Thursday, May 10, 2007

Look A Gift Horse In The Mouth

I am bipolar about most things. Take art. On the one hand, I'm elitist. On the other, I'm depressed by the value of art being determined by the same 'free market' forces that affect other retail commodities – supply, demand and brand recognition.
A couple of years ago, inspired by the American sculptor, Robert Graham, I began experimenting with the online distribution of free, unlimited edition prints. The first was a stencil, NO!, based on a painting I'd done early in my career. I liked the idea that someone else could recreate my image in another medium and own at no cost and with little effort. I've distributed a couple more since then, offering to sign and 'authenticate' the reproductions if they were sent (along with a self-addressed, stamped envelope) to my studio. They're still available on my site: Multiple Surrenders and the Voodoo-inspired I Will Not Be Your Give Man Anymore .
I copped a lot of flak from 'art business' people about releasing free prints. A large number wrote to me saying that it wasn't really art because it could be reproduced and redistributed without my control. I was even warned that it would negatively effect the price of my original works (it hasn't, of course).
I am predicting a change in attitude now that the British Turner Award-winning artists, Gilbert and George, have done a similar thing. Unlimited edition art works will be acceptable, even desirable. The BBC TV controller/presenter who's laying claim to the idea seems pretty thrilled about it but I don't care – neither, I suspect, does Robert Graham. What bothers me is that people are so ready to reject an idea until it's proposed by someone more famous or – better yet – fashionable. Yeah, I know: we live in a time when celebrity determines influence. I guess I'd hoped that, in the arts, people were brave enough to think for themselves.


Daniel Sanger said...

great pic - I really love your work- it's very different and interesting with a great style.

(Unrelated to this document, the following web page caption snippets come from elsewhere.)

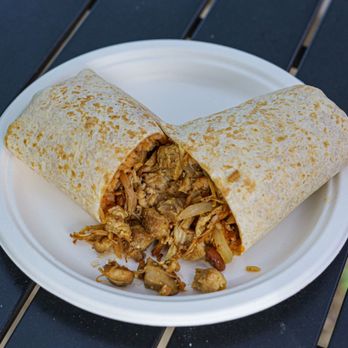 Monarca Express - a burrito on a paper plate - Food Trucks Near Me - Seattle, Washington Monarca Express - a burrito on a paper plate - Food Trucks Near Me - Seattle, Washington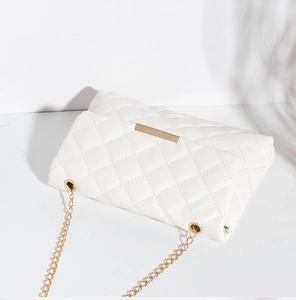 Vue détaillée du sac matelassé blanc avec fermoir en métal doré et bandoulière chaîne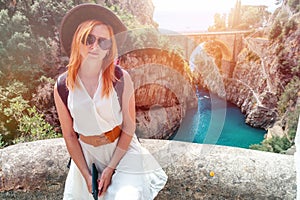 A sexy girl in a hat with a backpack enjoys an incredibly beautiful view of a stone bridge over the gorge Fiordo di Furore. Little photo
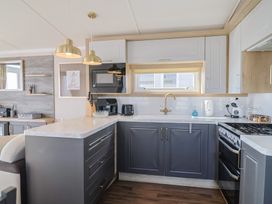 A kitchen with appliances and counter space at Bordeaux in Ladram Bay Otterton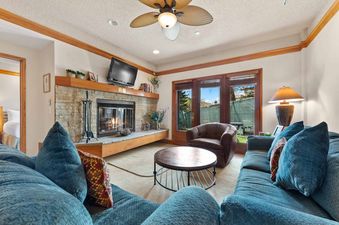 A cozy living room at The Charter C0405 features a stone fireplace, plush blue sofas, a round coffee table, and large windows with natural wood frames, offering a view of the outdoors.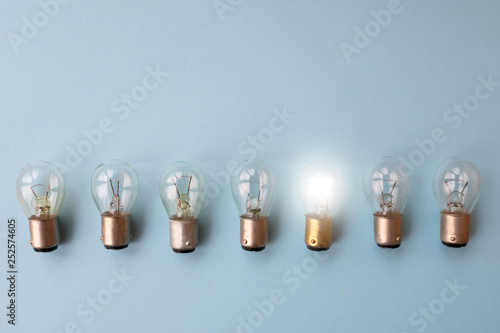 .Row of switched off light bulbs with one switched on. Concept of having idea and creativity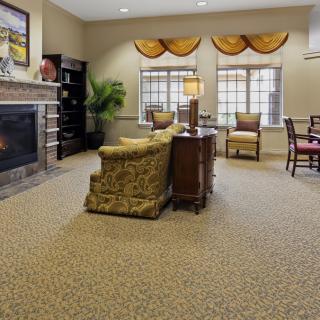 A cozy living room with a fireplace and elegant furniture.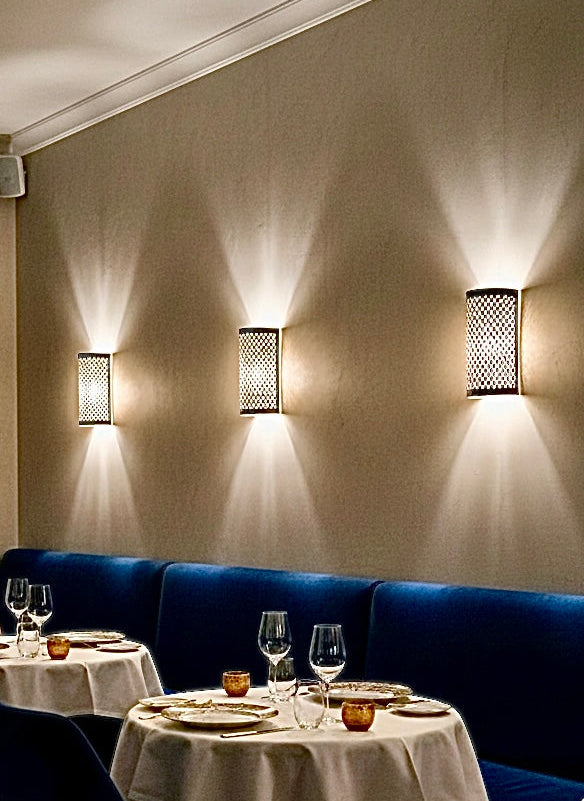 Three luxury brass Moroccan wall lamps illuminating a blue booth in a modern restaurant.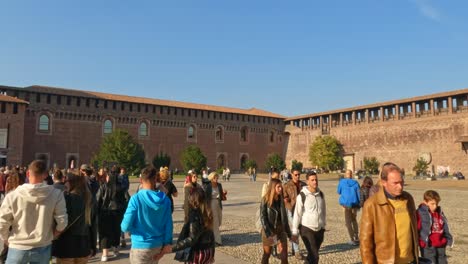 Crowd-of-people-walking-in-main-courtyard-of-famous-Sforza-Castle-in-Milan,-Italy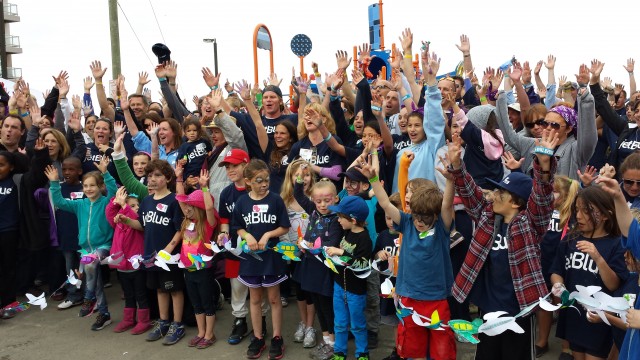 The JetBlue and KaBOOM crew celebrate the completion of construction at the playground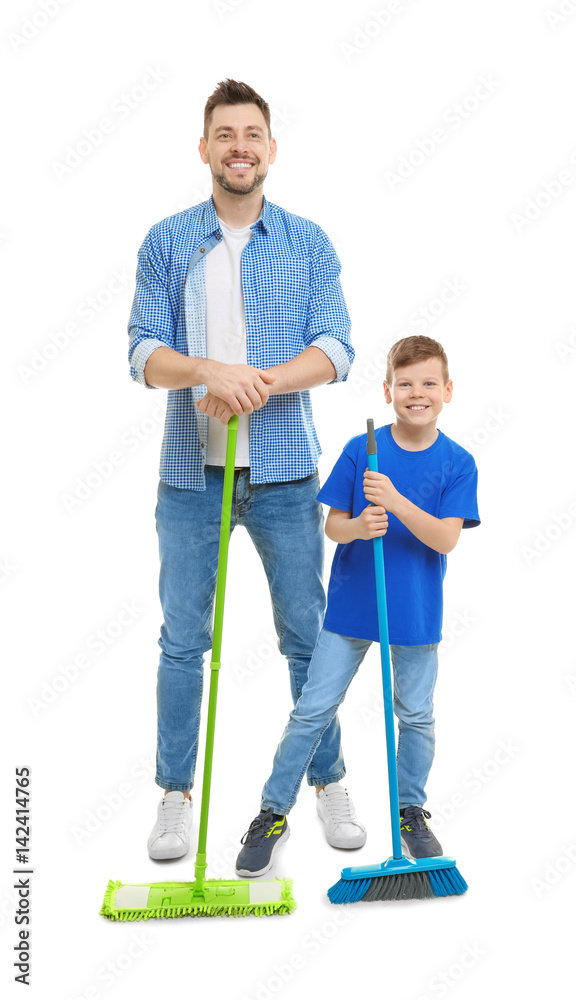 Dad and son with cleaning supplies on white background Dad and son with cleaning supplies on white background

Love that you gave away free prints:) Was a very bold move, and I suspect 'art business' only deemed it as 'not art' because there was no money to be made from it:) Good on you!

Julie said...

That's tragic because it's the market trying to control the creator. I've been stencilling discarded furniture on the street for a couple of years and it seems I have several collectors. Sometimes the whole object is taken other times it is excised it with a box cutter. I'm hoping fora retrospective exhibition in my old age. I just hope I get a credit.

Anonymous said...

I disagree that the value of art is determined by the free market. It is expressed by it, is all, in a form that gets all the attention for obvious reasons. The actual value is hard to pin, sometimes ephemeral, and often eternal. Yes?

fisheggs said...

Original thought is few and far between in all parts of life. It took me a long time to understand accept this fact. Is it laziness, follower(itis), insecurity, a brain part that wasn't tweaked or an avenue that was closed early on?